Writing a detailed influencer brief might be the last thing on your mind as a busy brand manager, but it’s time for a mindset shift. First, influencers are in high demand and your brief is nothing less of a pitch to get them to sell your brand on their valuable digital real estate. Second, sending a half-baked brief could mean not getting as much ROI from your influencer marketing campaign.
Here are five essential elements that every effective influencer brief should have.
1. Advertiser/brand overview
It might be obvious but it needs to be said: your influencer brief should start with the name of the advertiser or brand running the campaign. A short explainer (2-3 sentences) on who you are and what you do or sell will also be helpful.
This is very important because there is a good chance that an influencer receives many requests to collaborate. Identifying your document ensures that it won’t be confused with other campaigns.

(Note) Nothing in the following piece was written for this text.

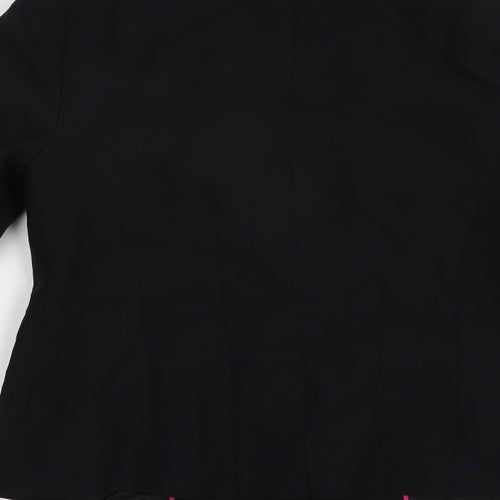 Evie Collection Womens Black   Jacket Blazer Size 8  Button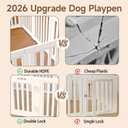 EVERFRONT Dog Playpen with Door - Dog Pen Indoor - Easy Assemble Dog Play Pen - Puppy Playpen, Cat Playpen, Small Animal Playpen, Dog Play Pen Indoors (White, 30", 10 Panels)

You may also consider including some examples of past campaigns so that they can get a better idea of your brand and how your product or service is used.
2. Campaign goals
You need to establish clear campaign goals and expected results in your influencer brief. A few examples of a campaign goal would be to sell the product, promote your service, or increase brand awareness. The expected results, on the other hand, should be measurable outcomes like social engagement metrics (impressions, likes, comments, shares) or traffic to your landing page (through a tracking link).
Before finalizing your campaign goals and expected results, be sure to take into consideration the influencer’s unique reach/following and expertise. It also doesn’t hurt to take the time to consult with them and work on an agreeable setup.
3. List of deliverables
To ensure that the brand and the influencer are on the same page, your brief needs to include a detailed scope of work. Vague instructions lead to misinterpretations on the influencer's end, and disappointments on yours.
A clear scope of work will include the following:
Type of content. State whether you need a photo, video, blog post, story, etc.
Social media platform to be used. Influencers use more than one platform, so make sure you state if you want them to post on Facebook, Instagram, Twitter, Youtube, etc.
Tags and hashtags. Make sure you include your official brand and/or campaign #hashtags and state if you want your brand page to be tagged in the post.
Schedule. Timing is everything in digital marketing. Don’t forget to include when or how often you need the posts submitted to you for approval, and when you need them posted on the platforms.
Caption. Be sure to include a call to action with tracking link (“Go to link in bio to get a huge discount!”)
4. Specify what not to do
An influencer brief also needs to state if anything must be omitted. These can include words, imagery, or talking points that may be harmful to the brand or the campaign. Here are some examples:
Pictures or any reference to alcohol, drugs, or sex
Reference to competitors
Reference to other brands or sponsored posts
5. Style references
It’s very important to include visual style references or mood boards in your influencer brief. Images can help an influencer get a good grasp of the style your campaign is going for. Bear in mind that, more than any other part of your brief, these images will have the most influence on the content they’ll create for you.
While it’s important to crystal clear about what you need for your campaign, don’t forget to leave room for creative freedom. After all, the influencer you are working with has built and nurtured their audience with the unique attributes of their content.
Influencers are trusted figures in industry-specific communities with loyal followings. If you want to get the most ROI on your influencer marketing efforts and make an impact on a potential customer’s decision to buy, invest time in your influencer brief. Make sure you include all the right elements so you can set your campaign up for success.